Smithsonian Institution Archives

Lynda Schmitz Fuhrig’s slides showcased how the Smithsonian’s program currently collects nearly 400 of its web presences as the institution’s official repository. They started using Archive-It in 2011 to crawl their main sites once or twice a year. More frequent crawling started in early 2020 to reflect the closings and reopenings, and the increased need for online content.

Screenshot of Smithsonian Distance Learning archived website

The Smithsoninan’s Lynda Schmitz Fuhrig speaks to the increased need for online content in 2020

Library of Congress (LoC)

Meghan Lyon and Lauren Baker described how their web archiving team at LoC manages 174 collections. Collections’ content is determined by subject experts known as Recommending Officers (ROs). ROs make seed URL nominations that their team tracks using Digiboard, their inhouse workflow tool. They contract with an outside vendor for crawling, but their inhouse team reviews the crawls, then indexes the results and provides access through their own Wayback portal.

Each panelist then had the opportunity to weigh in on a series of questions moderated by the current WAS Chair, Melissa Wertheimer.

Collecting differences between government institutions and cultural heritage organizations

Legal mandates, copyright permissions, and embargoes were three of the main differences described between the panelists’ collecting and that of cultural heritage organizations. Moffat said having the Federal legal mandate to collect biomedical materials for NLM meant they could justify more resources. Bower said their legal mandate at FDLP meant they need not worry about copyright permissions or embargoes. At LoC there are strict procedures in place for obtaining copyright permissions from website owners, including both permission to crawl and permission to display. LoC also keeps the archived content embargoed for one year before display.

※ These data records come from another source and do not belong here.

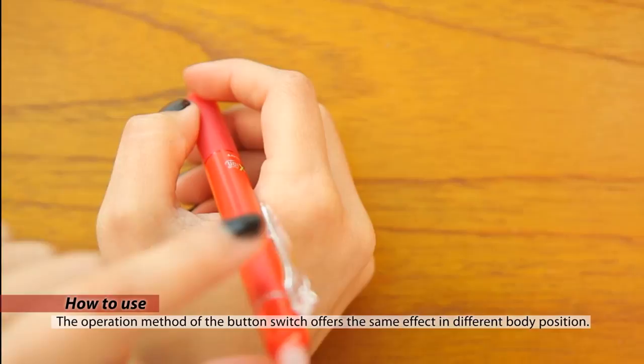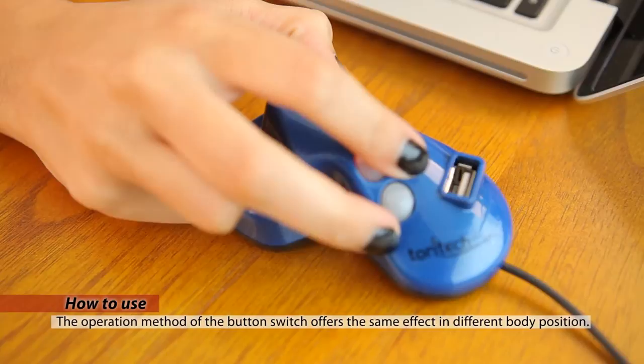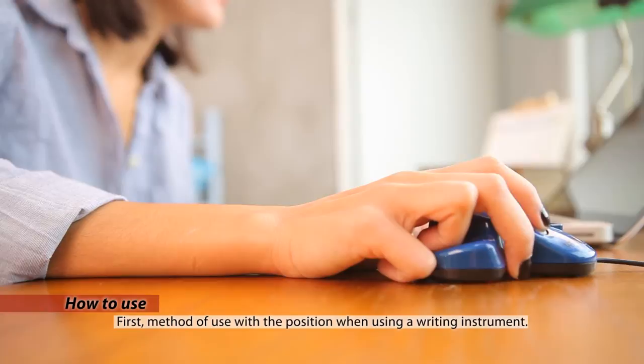The design combines the regular flat mouse and the pen-type mouse. It comes in an ergonomic design that allows users to hold it in a position similar to holding a pen. This structure prevents the users from twisting their wrists, preventing any wrist pain.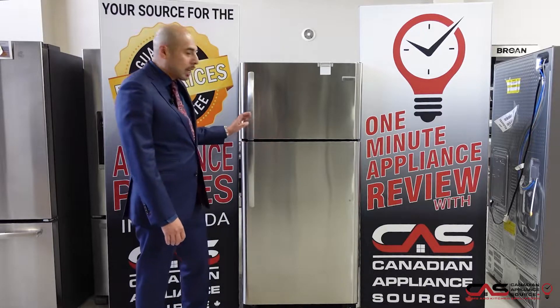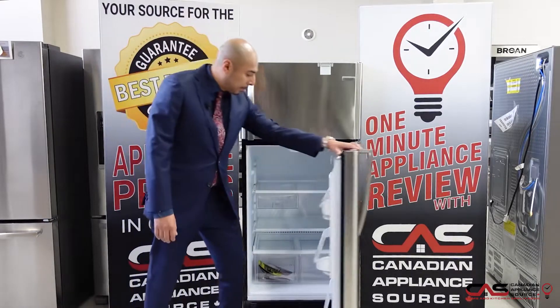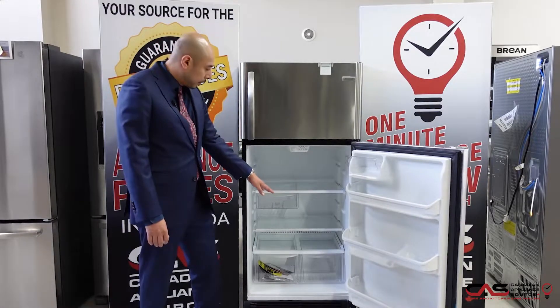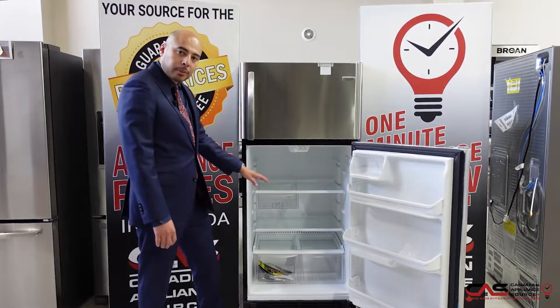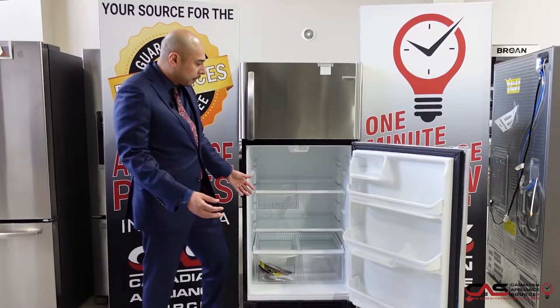This particular unit is 18 cubic feet and it's a top mount freezer. It has lots of storage down below — as you'll notice, it has three crispers: the traditional two crispers down below for your vegetables and produce, and also a deli one for meat and cheese, offering lots of flexibility.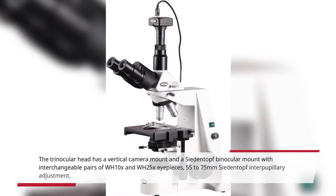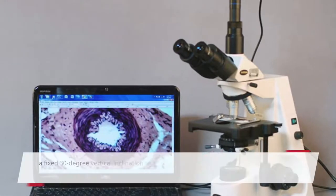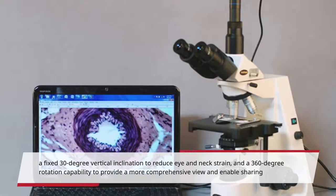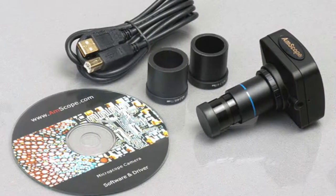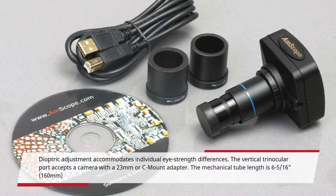The Trinocular Head has a vertical camera mount and a ZDIN top binocular mount with interchangeable pairs of WH-10X and WH-25X eyepieces, 55–75mm ZDIN top interpupillary adjustment, a fixed 30-degree vertical inclination to reduce eye and neck strain, and 360-degree rotation capability to provide a more comprehensive view and enable sharing.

Quality Assurance (QA) processes

Lyon outlined new QA processes recently adopted at LoC: They first perform a pre-crawl analysis of the seed URLs before they’re sent for contract crawling, followed then by a post-crawl analysis when they receive the results, to inform future crawls’ scoping and focus attention for replay evaluation. At the Smithsonian, Schmitz Fuhrig starts by evaluating replay, mainly the main page and a few links off of each seed URL, then runs patch crawls, and escalates issues to the Archive-It team when those don’t suffice.

Screenshot of the Library of Congress' Web Comics web archive

The Web Comics collection is one of the Library of Congress’ most used

Access metrics

All four organizations use Google Analytics to track the usage of their web archives. Analyzing that available data taught Baker that one of the LoC’s most used collections was the Webcomics one. Bower sees most of the FDLP traffic from agencies using their repository. Schmitz Fuhrig noted an uptick in use as the pandemic started, now a downward trend, whereas Moffat hopes the NLM’s collections will be increasingly used by researchers as the pandemic winds down further.

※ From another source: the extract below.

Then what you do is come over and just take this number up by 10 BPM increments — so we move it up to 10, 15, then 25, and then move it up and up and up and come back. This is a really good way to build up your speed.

Check out the FDLP’s Google Analytics case study if you ever want to integrate Google Analytics with your own Archive-It account or enhance an existing integration with data cleaning resources.

Web archiving awareness and future planning

Asked to peek a little into their futures, panelists immediately thought of their seed tracking spreadsheets, which seemed to be growing “crazy big.” Moffat wished for a workflow tool that would make them easier for smaller organizations to “grapple with.” Lyon tried to bring attendees more hope for the tools to come by linking to ongoing projects funded by the IIPC.

And Schmitz Fuhrig reminded us that awareness of web archiving’s importance  is on the rise: There’s a real light being shone on web archiving at the moment with the work that Saving Ukrainian Cultural Heritage Online is doing at the moment.

Attendees left the coffee chat wide awake to the current state of web archiving for US Federal government organizations. Thank you to the SAA WAS and UBC for hosting it on Zoom!